# It's what I love about...Minis :-)



## LuvMyNigies (Sep 14, 2013)

This is a thread to tell what you really like about Minis. I figured since there are lots of newbies out there, or people looking into different breeds of goats, I could start a thread telling what a certain breed is really like. 
I would like this one to be about Mini goats. (i.e. Mini-Nubians, Mini Saanens, Mini Manchas) I will do another one about Nigerian Dwarfs soon. I have never owned a Mini, so hopefully those who have will contribute. :-D

I realize the individual mini breeds will be different from each other, but I would like to hear all of the separate stories and views.

What kind of mini do you own? What is it's specific temperament? How much milk does it produce compared to a full size? How much do they eat?
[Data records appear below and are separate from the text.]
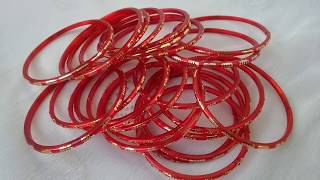 Best Out Of Waste With Bangles, Waste Bangle Craft Ideas, Waste Bangles Diy Crafts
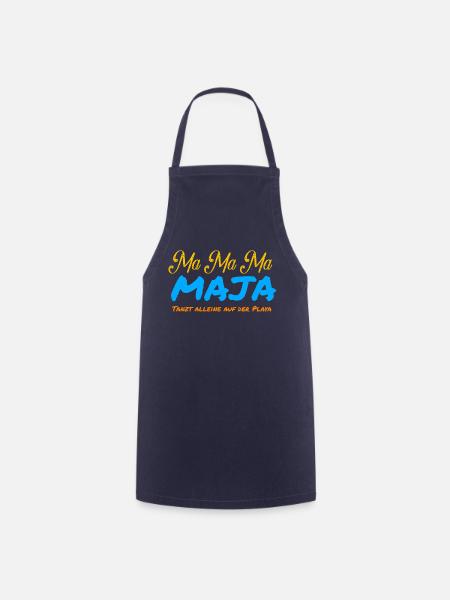 Ma Ma Ma Maja - Kochschürze - Navy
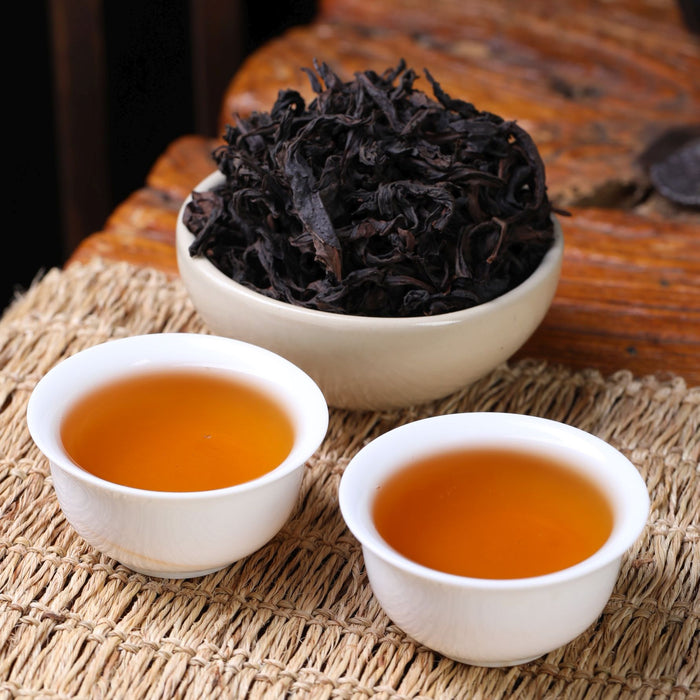 oolong tea da hong pao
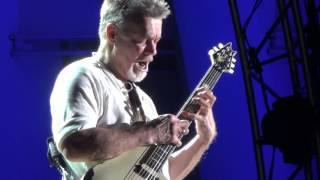 Eddie Van Halen Guitar Solo at Hollywood Bowl 1022015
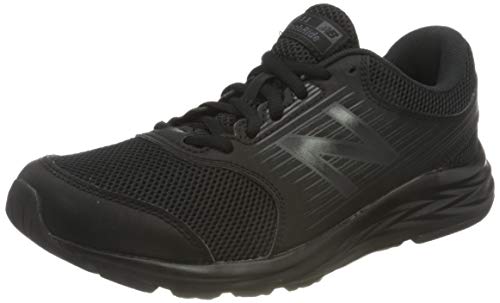 New Balance 411, Zapatillas de Running para Mujer, Negro (Triple Black), 36 EU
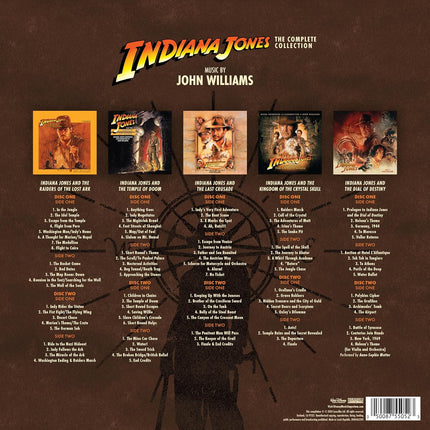 Indiana Jones: The Complete Collection [10 LP Boxset]
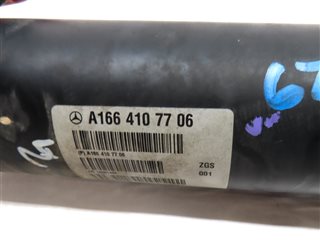Thumbnail 6: 2013 MERCEDES ML350 W166 RWD REAR DRIVESHAFT DRIVE SHAFT
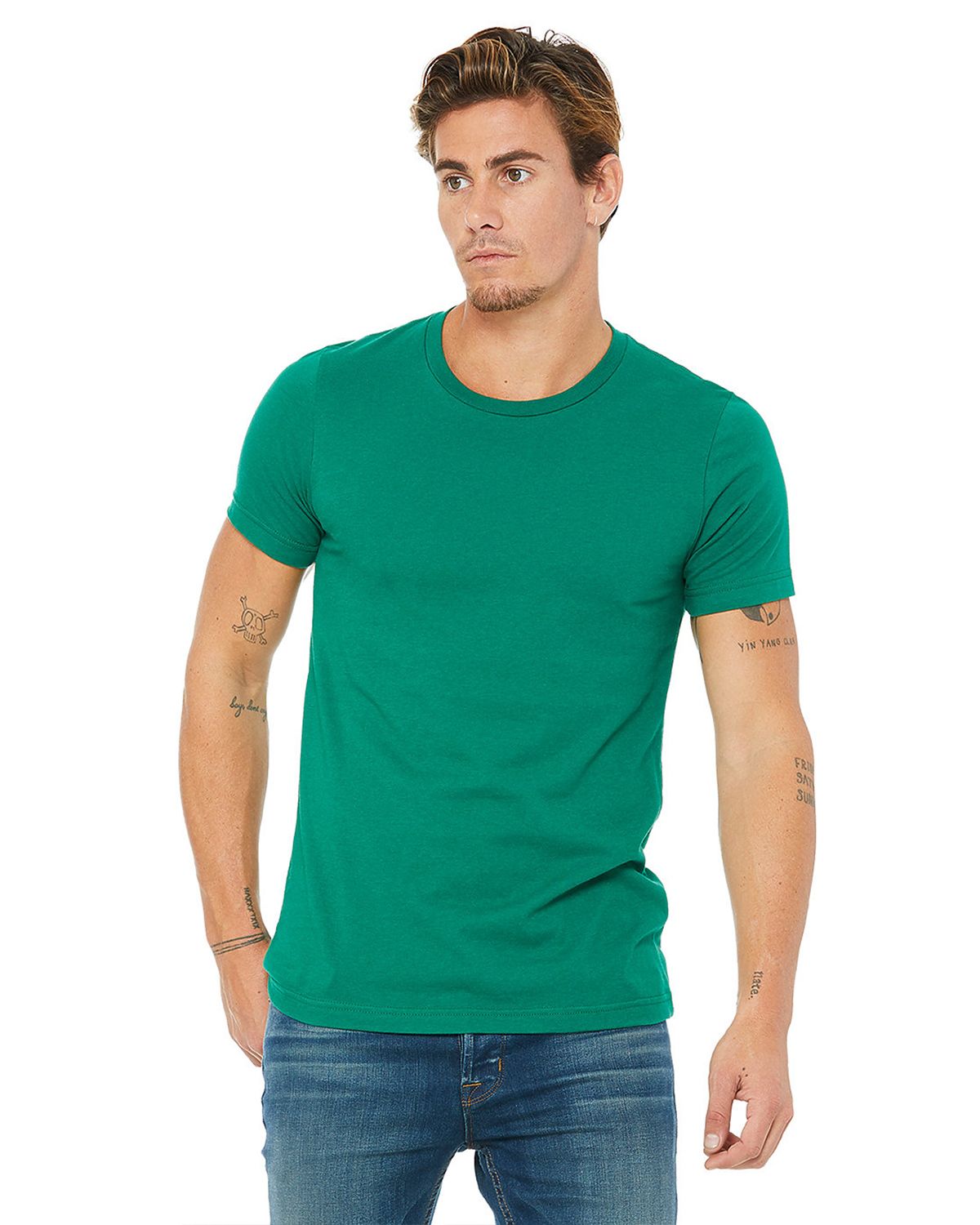 Bella + Canvas Direct to Film (DTF) 3001 Unisex Jersey Tee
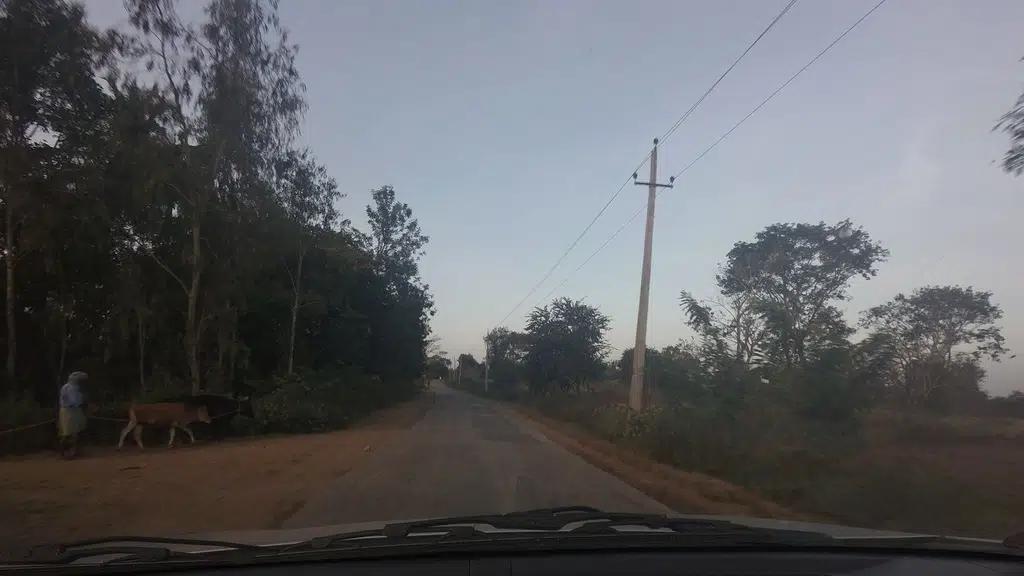 Hāluvāgalu Canal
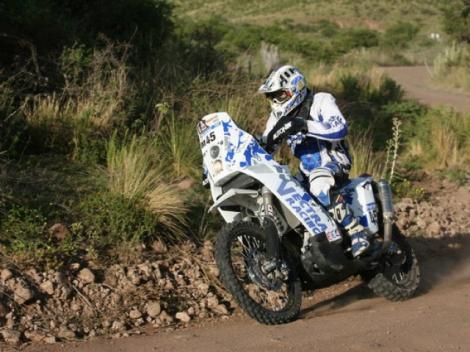 Dakar 2011: Gyenes, locul 46 la clasa moto in cadrul etapei a 3-a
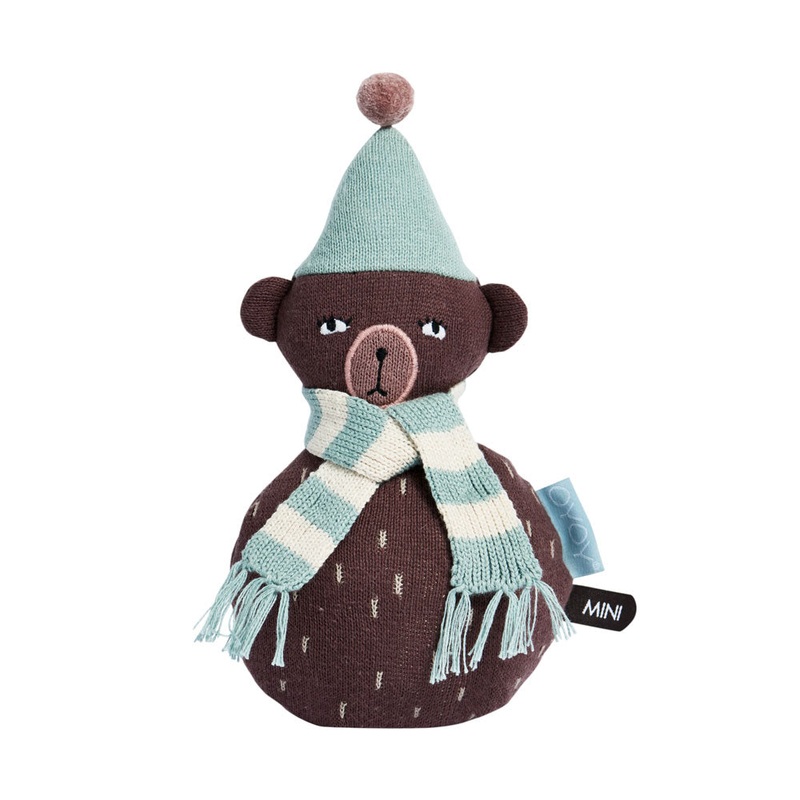 Roly Poly – Teddy – Brown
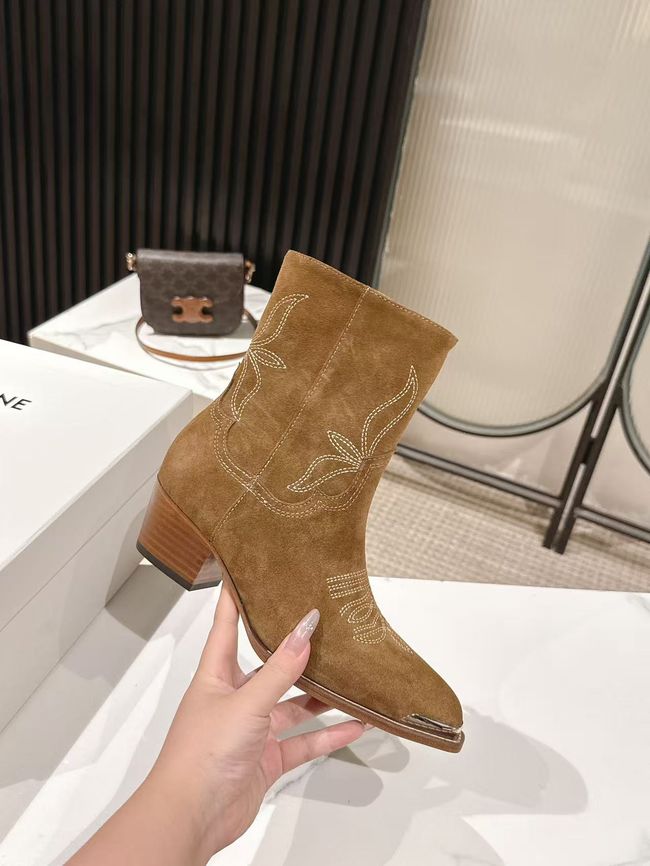 Celine Suede Lambskin BOOT 95400-3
Are they more hardy because they are technically a mixed breed?
Do they generally have more kids because they are mixed with a Nigerian? Are they always mixed with Nigerians?
Any other tidbits to share? 

If I think of something else I can add it on, and, please, anyone else with Minis, chime in and tell why you do, or don't like Minis! :smile: :type:

Well, that is all for now. Time for the experts to take over. :grin:


----------



## Lisalisa89 (Oct 18, 2016)

My Nigerians are basically a mix between cats and dogs. So they are perfect lol They are goofey and snuggly and each one of them has a special facial expression. They love to talk to me, and to break into and out of everything haha The biggest thing I dislike is how easily they can break out of things like tiny ninja creatures.
I think mine are incredible hardy because being new I miss a lot of things like wormings and keeping and eye out for deficiencies and they have been healthy so far. Their hooves have no grown out of control either. 
Despite their size they are brave! Idk about milk yet because we haven't quite gotten there yet lol


----------



## Goatzrule (Feb 7, 2013)

Nigerians are the only dairy breed that can sit like dogs. They have very sweet milk, and are great usually for small farms that doesnt need a ton of milk. Easy for kids to handle but they are stubborn and although small super active and constantly needs toys and activity


----------



## LuvMyNigies (Sep 14, 2013)

Hmmm...
Sorry if I wasn't clear, but I was hoping to make this one for just Mini breeds, not Nigerian Dwarfs. Like Mini Nubians or Mini Lamanchas. I realize they aren't a "breed," but I was hoping to hear a little about them specifically as I might be trying to go that route later this year. I have 2 Saanens, and, as it is extremely difficult to find a purebred Saanen buck, I have been thinking about going mini.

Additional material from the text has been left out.